Professor of Geographic Information Science
Director, International Masters of Science in GIS
University of Redlands
PO Box 3080, Redlands CA, 92373-0999, USA
Phone: +1 909-335-5375, Fax: +1 909-748-6344

Email: karen_kemp@redlands.edu
Web: http://www.institute.redlands.edu/kemp/

Karen Kemp is Associate Professor of Geographic Information Science and Director of the International Masters Program in GIS at the University of Redlands since 2000. Dr. Kemp holds geography degrees from University of Calgary, Alberta (BSc 1976), University of Victoria, British Columbia (MA 1982) and University of California Santa Barbara (PhD 1992). Before moving to the US in 1988, she taught in the university transfer program at Malaspina College, Nanaimo, British Columbia (now Malaspina University College). In 1988 she joined the National Center for Geographic Information and Analysis (NCGIA) in Santa Barbara working as Coordinator of Education Programs and co-editor, with Dr. Michael Goodchild, of the NCGIA Core Curriculum in GIS (1980). After completing her PhD in 1992, she worked at the Technical University of Vienna, Austria, and with Longman GeoInformation in Cambridge, England on international GIS education projects. She returned to the NCGIA in 1994 as Assistant Director and later Associate Director. In January 1999 she moved to the University of California Berkeley to become Executive Director of the Geographic Information Science Center where she helped build the foundation for an innovative campus-wide GIScience initiative. Dr. Kemp has traveled widely to present workshops on GIS education and has published extensively on this topic.
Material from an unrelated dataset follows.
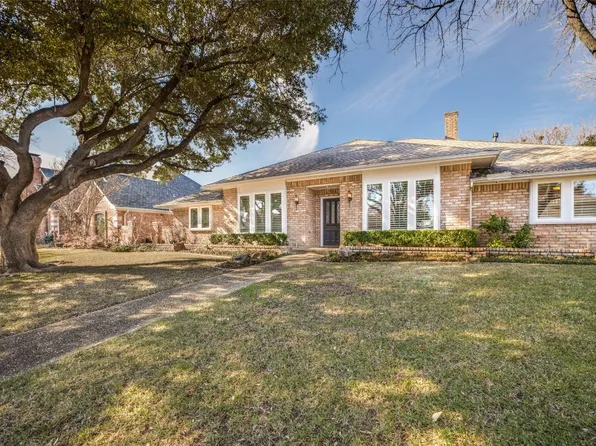 6201 Pineview Rd, Dallas, TX 75248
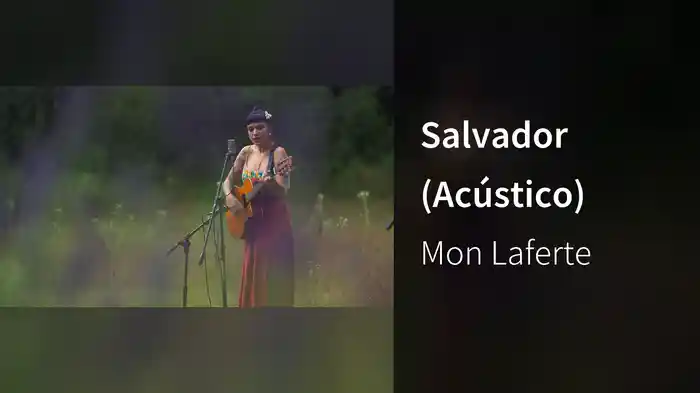 Salvador (Acústico)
She was a member of the Board of Directors of the University Consortium for Geographic Information Science (UCGIS) from its formation in 1994 until January 2000 and acted as senior editor of the UCGIS Education Priorities. She is an active participant on various committees considering the merits of certification for GIS professionals. Her scientific research has focused on developing methods to improve the integration of environmental models with GIS from both the pedagogic and the scientific perspectives and on formalizing the conceptual models of space acquired by scientists, and now humanities scholars, across a wide range of disciplines. Selected publications include:

- Brown, D.G., G. Elmes, K.K. Kemp, S. Macey, and D. Mark. 2003. Geographic Information Systems. In Geography in America at the Dawn of the 21st Century. G.L. Gaile and C.J. Willmott, eds., Oxford University Press, pp. 353-375.
- Gregory, I., K.K. Kemp and R. Mostern, 2003. Geographical Information and Historical Research: Current progress and future directions. Humanities and Computing 13:7-22.
- Kemp, K. K. 2003. Guest Editorial: Why GIS Professional Certification Matters to Us All. Transactions in GIS 7(2): 159-163.
- Kemp, K. K. (2001). Geography and GIS. Geographic Information Systems & Science, Instructor's Manual, Wiley and Sons, on-line.
- Maher, R. and others (2001). Report for Project 19122 - Geographic information/ Geomatics - Qualifications and Certification of personnel. Oslo, Norway, ISO/TC 211 Secretariat.
- Somers, R. and others (2000). "Defining the GIS Profession and Debating Certification and Regulation". Geo Info Systems. 10: 22-29.

 

Michael F. Goodchild

Professor, Department of Geography
University of California
3611 Ellison Hall, Santa Barbara, CA 93106-4060, USA
Phone: +1 805 893 8049, Fax: +1 805 893 3146

Email: good@geog.ucsb.edu
Web: http://www.geog.ucsb.edu/people/faculty_members/goodchild_michael.htm

Michael F. Goodchild is Professor of Geography at the University of California, Santa Barbara; Chair of the Executive Committee, National Center for Geographic Information and Analysis (NCGIA); Associate Director of the Alexandria Digital Library Project; and Director of NCGIA’s Center for Spatially Integrated Social Science. He received his BA degree from Cambridge University in Physics in 1965 and his PhD in Geography from McMaster University in 1969. After 19 years at the University of Western Ontario, including three years as Chair, he moved to Santa Barbara in 1988. He was Director of NCGIA from 1991 to 1997.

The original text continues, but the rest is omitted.